Metode menghangatkan makanan dengan cara menggoreng, populer di Indonesia. Foto oleh Prananta Haroun via Unsplash

“Ada tiga komponen good food [di gorengan]. Makanan renyah memberikan kita kebahagiaan. Ini menjelaskan mengapa ketika gorengan sudah dingin, kita off. Karena yang dicari kita itu kompleksitas dalam mulut seperti kerenyahan dan suara yang ditimbulkan,” jelas narator serial Netflix Street Food: Asia episode Indonesia tersebut. Meski rasa masih sama, namun komponen renyah yang hilang dari gorengan dingin membuat seolah-olah rasa telah berubah, padahal tidak. “Itulah hebatnya otak kita, bisa menipu kita sendiri,” Kevindra terkekeh.

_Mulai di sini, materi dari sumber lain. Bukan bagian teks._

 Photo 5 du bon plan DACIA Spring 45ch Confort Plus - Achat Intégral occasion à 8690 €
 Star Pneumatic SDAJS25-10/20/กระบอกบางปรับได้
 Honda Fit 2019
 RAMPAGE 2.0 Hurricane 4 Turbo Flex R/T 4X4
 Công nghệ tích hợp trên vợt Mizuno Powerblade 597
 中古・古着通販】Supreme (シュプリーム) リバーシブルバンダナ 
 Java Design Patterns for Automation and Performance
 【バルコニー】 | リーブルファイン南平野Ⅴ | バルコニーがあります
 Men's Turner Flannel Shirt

Kevindra menilai karakter orang Indonesia yang gemar bereksplorasi membantu munculnya penemuan-penemuan baru terkait makanan yang digoreng. “Segala macam dicoba, kebanyakan ide. Sampai kol digoreng. Proses memasak itu kan terus berevolusi ya, terus berkembang dan berubah tergantung manusianya. Menurutku, teknik masak menggoreng ini yang paling gampang [dikembangkan] karena paling sering dilakukan di semua rumah.”

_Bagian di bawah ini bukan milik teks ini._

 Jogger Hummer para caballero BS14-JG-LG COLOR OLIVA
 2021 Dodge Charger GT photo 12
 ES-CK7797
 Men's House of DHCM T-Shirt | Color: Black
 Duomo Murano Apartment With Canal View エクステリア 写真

Kabar baiknya, Kevindra menyatakan bahwa dampak buruk makan makanan berminyak tidak akan terlalu ekstrem apabila cara memasak dilakukan dengan benar. Mantan peserta MasterChef Indonesia tersebut lantas memberikan tips memasak deep fry kepada khalayak pencinta gorengan. Pertama, jangan gunakan minyak yang sama berulang-ulang. Kedua, goreng makanan setelah memastikan minyak benar-benar panas agar menekan peluang minyak masuk ke makanan. Dua aja udah, silakan dicoba.

Oh ya, just in case kalian penasaran: belum, Om William Wongso belum pernah cobain kol goreng. Makanya, mari ketik “amin” di kolom komentar agar beliau segera bikin serial kuliner jalanan versi jajanan mahasiswa akhir bulan.